Return the lines of the listing below exactly as they appear, beginning at the one with "Bolu Dağı’nda Lodos" and stopping after the one with "a bathroom with"; do not include pictures.

+-------+

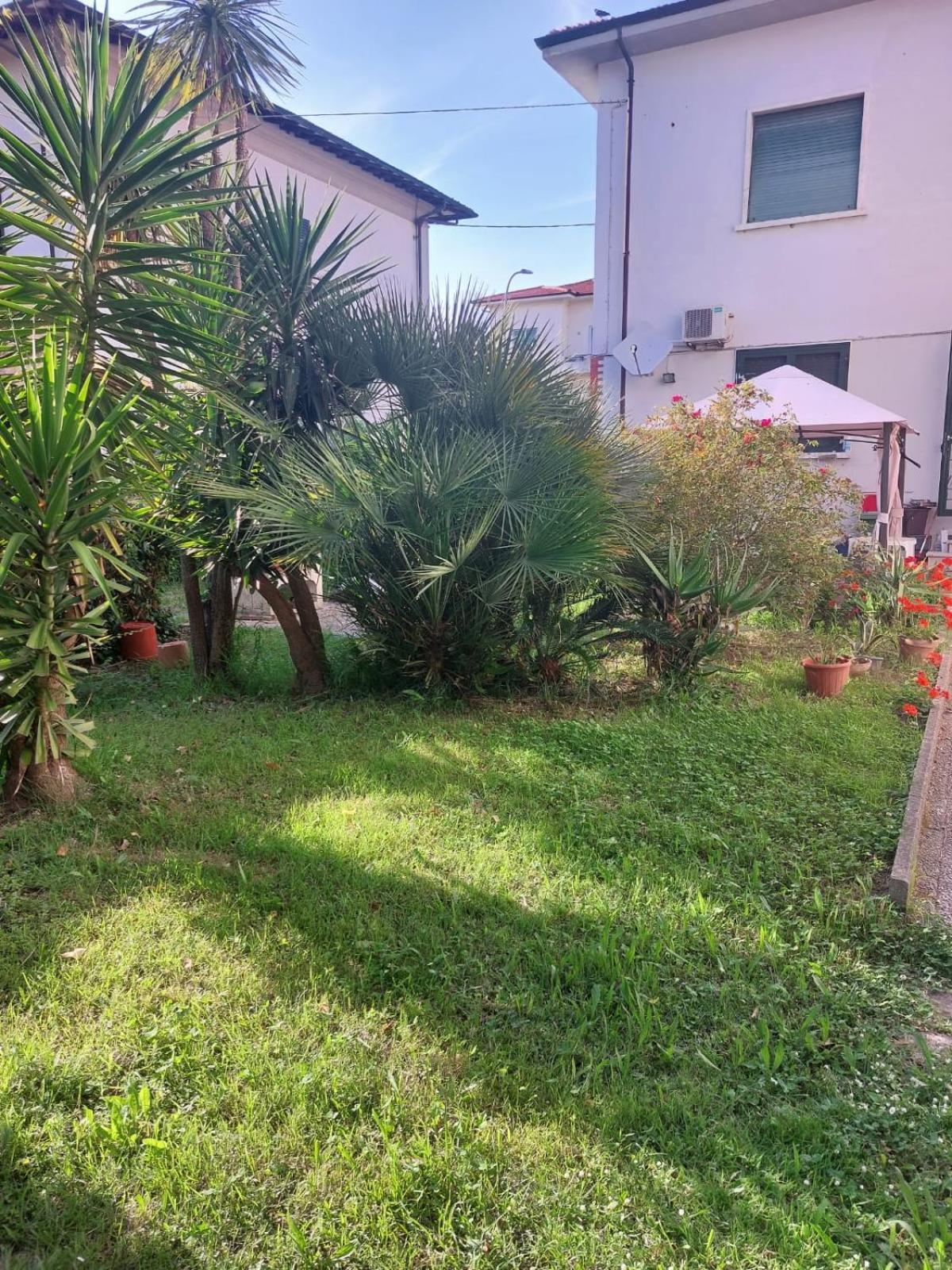 Villa Mehari Pisa Exteriér fotografie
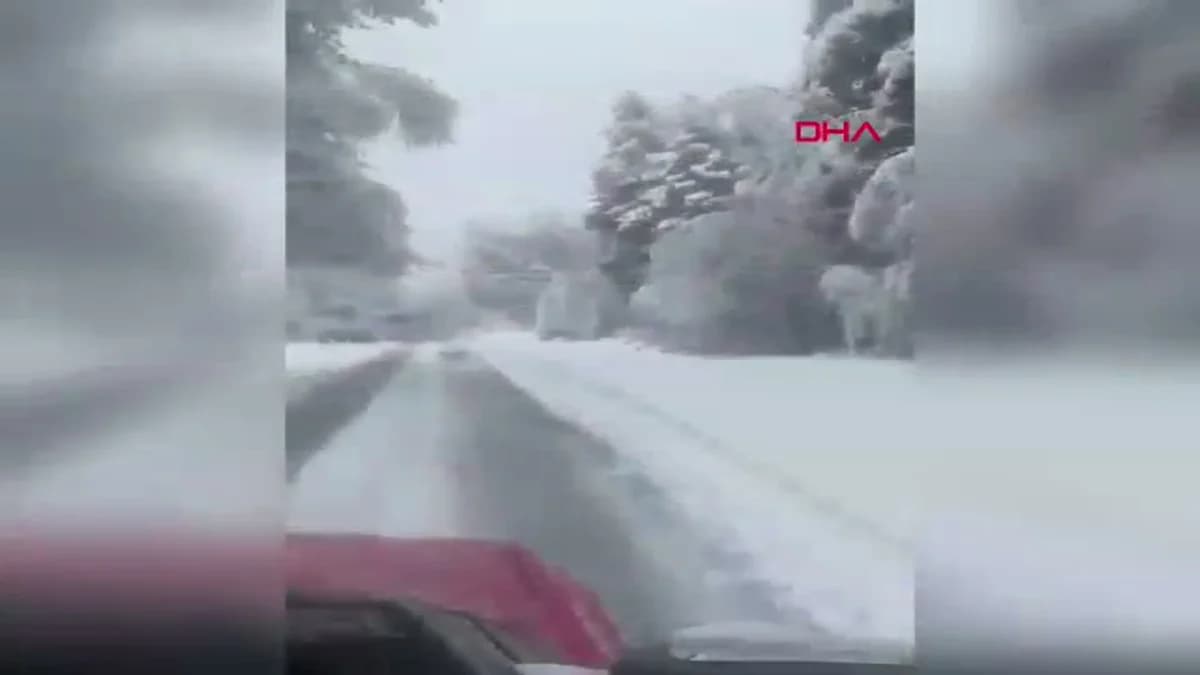 Bolu Dağı’nda Lodos Fırtınası Ağaçları Devirdi, Yollar Kapandı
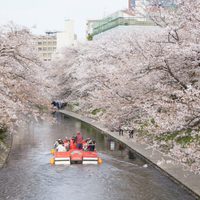 Japón pagará parte de los pasajes a turistas locales para fomentar el turismo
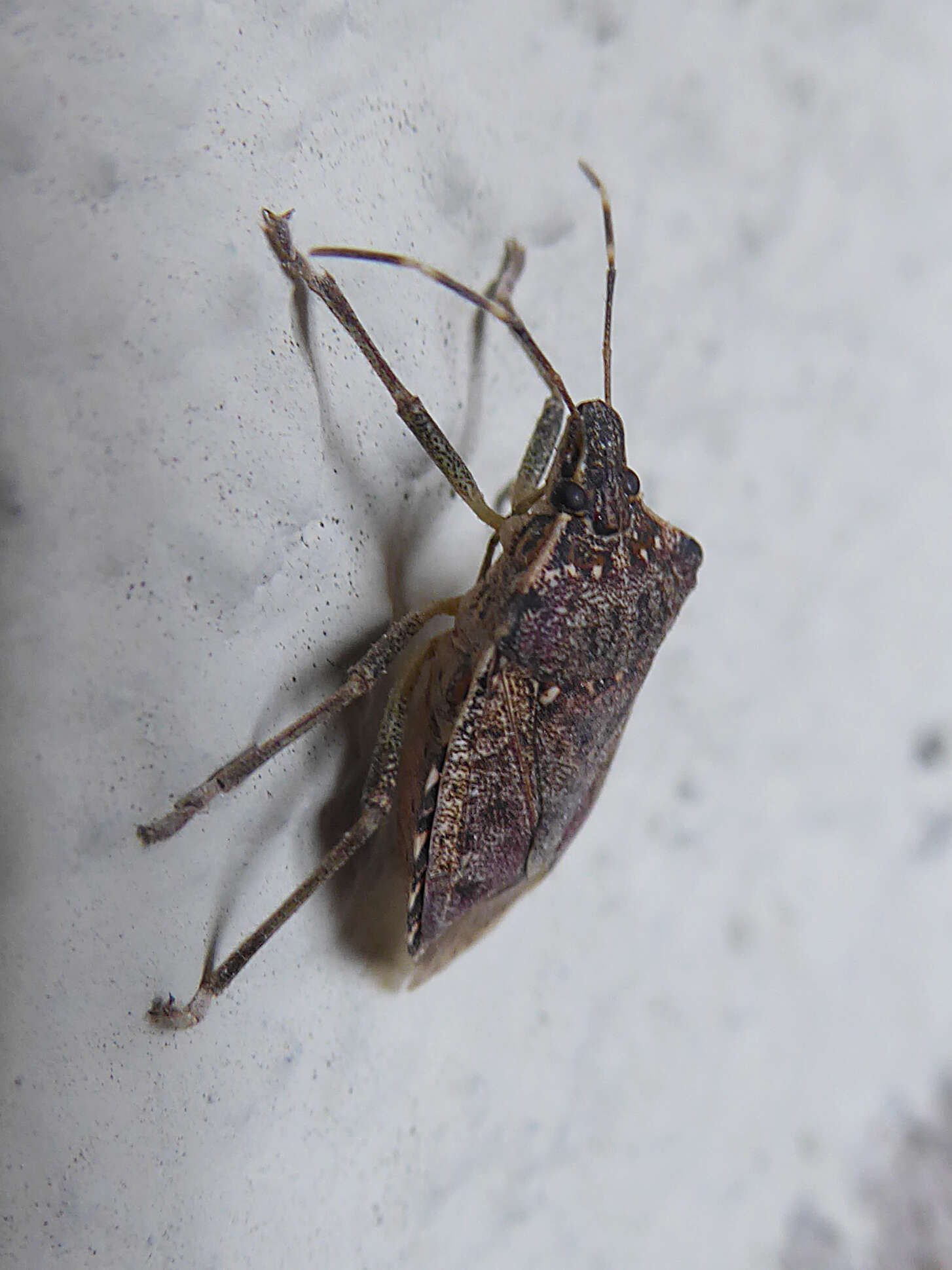 Image of Brown marmorated stink bug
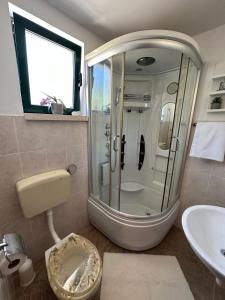 a bathroom with a shower and a toilet and a sink at Kuća za odmor Samograd in Žrnovo
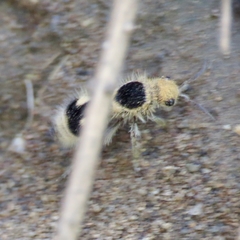 Dasymutilla arachnoides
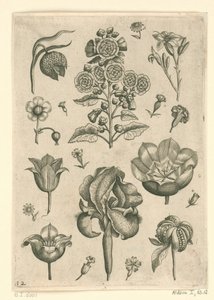 アイリスやパンジーなど様々な花 フロリレギウム（シリーズタイトル） 作： Adriaen Collaert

+-------+

Answer to this exercise ->
 Bolu Dağı’nda Lodos Fırtınası Ağaçları Devirdi, Yollar Kapandı
 Japón pagará parte de los pasajes a turistas locales para fomentar el turismo
 Image of Brown marmorated stink bug
 a bathroom with a shower and a toilet and a sink at Kuća za odmor Samograd in Žrnovo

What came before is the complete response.